Está claro no contrato que os aditamentos são irrelevantes para alterar a fiança, que é prestada relativamente a todo o contrato. Como dito, a estudante e o Banco do Brasil firmaram um contrato pelo qual o banco concedeu um limite de crédito global para todos os semestres do curso.
Não tendo havido modificação relevante das condições contratuais inicialmente definidas, os aditamentos simplificados semestrais que ocorrem nesses casos não são propriamente contratos novos, ou seja, não são referentes a objetos distintos, nem contemplam a concessão de um crédito adicional ou algo a mais do que já havia sido contratado. Os aditamentos simplificados consistem apenas em revisões periódicas para atualização dos valores das semestralidades e acontecem sem alteração do limite de crédito global do financiamento ou outras alterações nas cláusulas contratuais relevantes, ficando mantido o montante da dívida pela qual se obrigou o fiador desde o início.

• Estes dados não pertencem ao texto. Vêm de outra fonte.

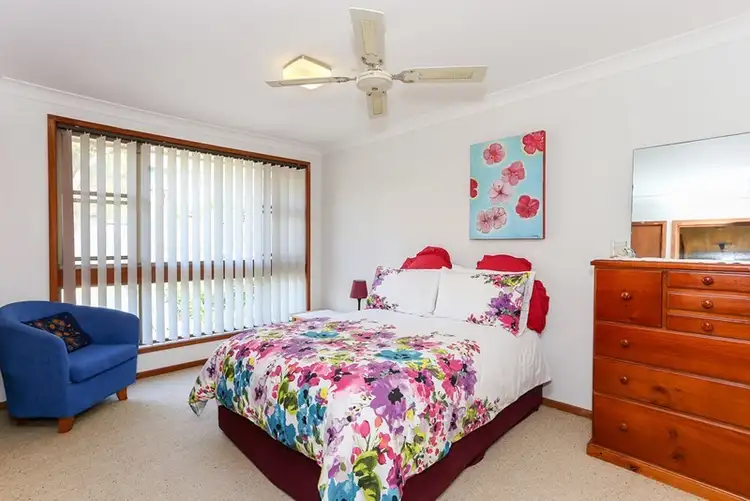 Sixth view of Homely house listing, 28 Kanangra Avenue, Corlette NSW 2315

A fiança foi devidamente prestada pela parte autora, quando da assinatura do contrato em 01/2013, de modo que, não havendo substituição dos fiadores, encontra-se válida tal estipulação até o término do contrato.
A exoneração do fiador da responsabilidade que assumiu, deixaria o credor desprovido da garantia exigida pela própria Lei nº 10.260/01, restando apenas a possibilidade de substituição da garantia fidejussória, condicionada à anuência do Banco do Brasil.
Assim, conforme se extrai da legislação e jurisprudência, ao passo que o autor se comprometeu reciprocamente como fiador solidário da totalidade dos valores devidos pelo financiado, vinculando-se às cláusulas contratuais, a que tiveram ciência, não há que se falar na possibilidade de retratação ou exoneração unilateral.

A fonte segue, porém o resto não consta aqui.